/tlsh

Primary LanguageC++OtherNOASSERTION

Build Status

TLSH - Trend Micro Locality Sensitive Hash

TLSH is a fuzzy matching library. Given a byte stream with a minimum length of 50 bytes TLSH generates a hash value which can be used for similarity comparisons. Similar objects will have similar hash values which allows for the detection of similar objects by comparing their hash values. Note that the byte stream should have a sufficient amount of complexity. For example, a byte stream of identical bytes will not generate a hash value.

Minimum byte stream length

The program in default mode requires an input byte stream with a minimum length of 50 bytes (and a minimum amount of randomness - see note in Python extension below).

For consistency with older versions, there is a -conservative option which enforces a 256 byte limit. See notes for version 3.17.0 of TLSH

Computed hash

The computed hash is 35 bytes long (output as 70 hexidecimal charactes). The first 3 bytes are used to capture the information about the file as a whole (length, ...), while the last 32 bytes are used to capture information about incremental parts of the file. (Note that the length of the hash can be increased by changing build parameters described below in CMakeLists.txt, which will increase the information stored in the hash. For some applications this might increase the accuracy in predicting similarities between files.)

Executables and library

Building TLSH (see below) will create a static library in the lib directory, and the tlsh executable (a symbolic link to tlsh_unittest). 'tlsh' links to the static library, in the bin directory. The library has functionality to generate the hash value from a given file, and to compute the similarity between two hash values.

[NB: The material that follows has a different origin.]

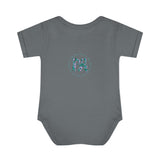 Sandy thw Sloth Infant Baby Rib Bodysuit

tlsh is a utility for generating TLSH hash values and comparing TLSH hash values to determine similarity. Run it with no parameters for detailed usage.

Ports

  • A JavaScript port available in the js_ext directory.
  • A Java port is available in the java directory.
  • Another Java port is available here.
  • A Golang port is available here.
  • A Ruby port is available here

Downloading TLSH

Download TLSH as follows:

wget https://github.com/trendmicro/tlsh/archive/master.zip -O master.zip
unzip master.zip
cd tlsh-master

or

git clone git://github.com/trendmicro/tlsh.git
cd tlsh
git checkout master

Building TLSH

Edit CMakeLists.txt to build TLSH with different options.

  • TLSH_BUCKETS: determines using 128 or 256 buckets use the default 128 buckets unless you are an expert and know you need 256 buckets
  • TLSH_CHECKSUM_1B: determines checksum length, longer means less collision use the default 1 byte unless you are an expert and know you need a larger checksum

Linux

Execute:

make.sh

Note: Building TLSH on Linux depends upon cmake to create the Makefile and then make the project, so the build will fail if cmake is not installed.

Windows (Visual Studio)

Use the version-specific tlsh solution files (tlsh.VC2005.sln, tlsh.VC2008.sln, ...) under the Windows directory.

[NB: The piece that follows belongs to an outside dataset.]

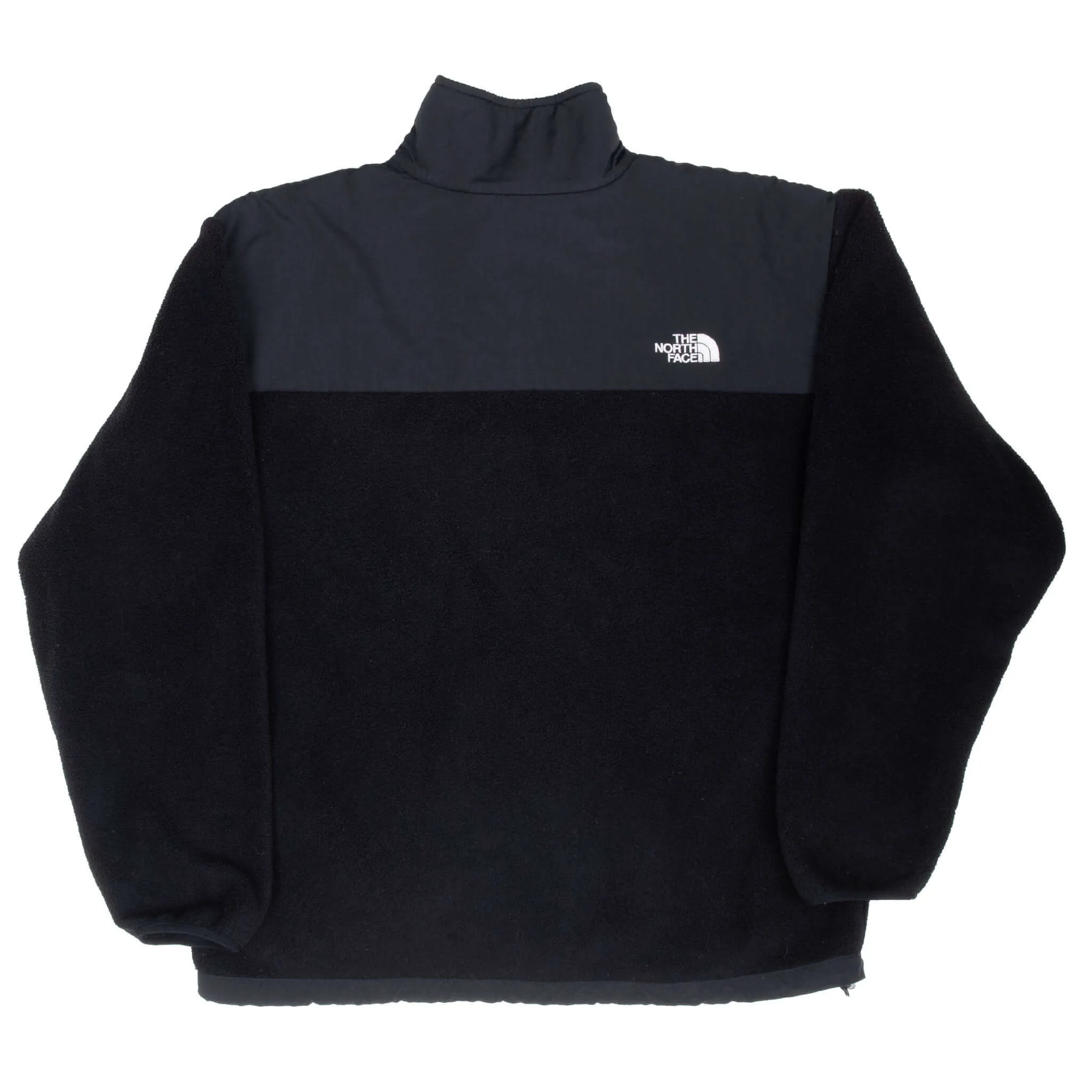 VINTAGE THE NORTH FACE POLARTEC DENALI BLACK FLEECE JACKET LARGE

See tlsh.h for the tlsh library interface and tlsh_unittest.cpp and simple_unittest.cpp under the test directory for example code.

Python Extension

There is a README.python with notes about the python version

(1) compile the C++ code
	$./make.sh
(2) build the python version
	$ cd py_ext/
	$ python ./setup.py build
(3) install - possibly - sudo, run as root or administrator
	$ python ./setup.py install
(4) test it
	$ cd ../Testing
	$ ./python_test.sh

Python API

import tlsh
tlsh.hash(data)

Note that in default mode the data must contain at least 50 bytes to generate a hash value and that it must have a certain amount of randomness. If you use the "conservative" option, then the data must contain at least 256 characters. For example, tlsh.hash(str(os.urandom(256))), should always generate a hash.
To get the hash value of a file, try tlsh.hash(open(file, 'rb').read()).

tlsh.diff(h1, h2)
tlsh.diffxlen(h1, h2)

The diffxlen function removes the file length component of the tlsh header from the comparison. If a file with a repeating pattern is compared to a file with only a single instance of the pattern, then the difference will be increased if the file lenght is included. But by using the diffxlen function, the file length will be removed from consideration.

Note that the python API has been extended to miror the C++ API. See py_ext/tlshmodule.cpp and the py_ext/test.py script to see the full API set.

Design Choices

  • To improve comparison accuracy, TLSH tracks counting bucket height distribution in quartiles. Bigger quartile difference results in higher difference score.
  • Use specially 6 trigrams to give equal representation of the bytes in the 5 byte sliding window which produces improved results.
  • Pearson hash is used to distribute the trigram counts to the counting buckets.
  • The global similarity score distances objects with significant size difference. Global similarity can be disabled. It also distances objects with different quartile distributions.
  • TLSH can be compiled to generate 70 or 134 characters hash strings. The longer version has been created to use of the 70 char hash strings is not working for your application.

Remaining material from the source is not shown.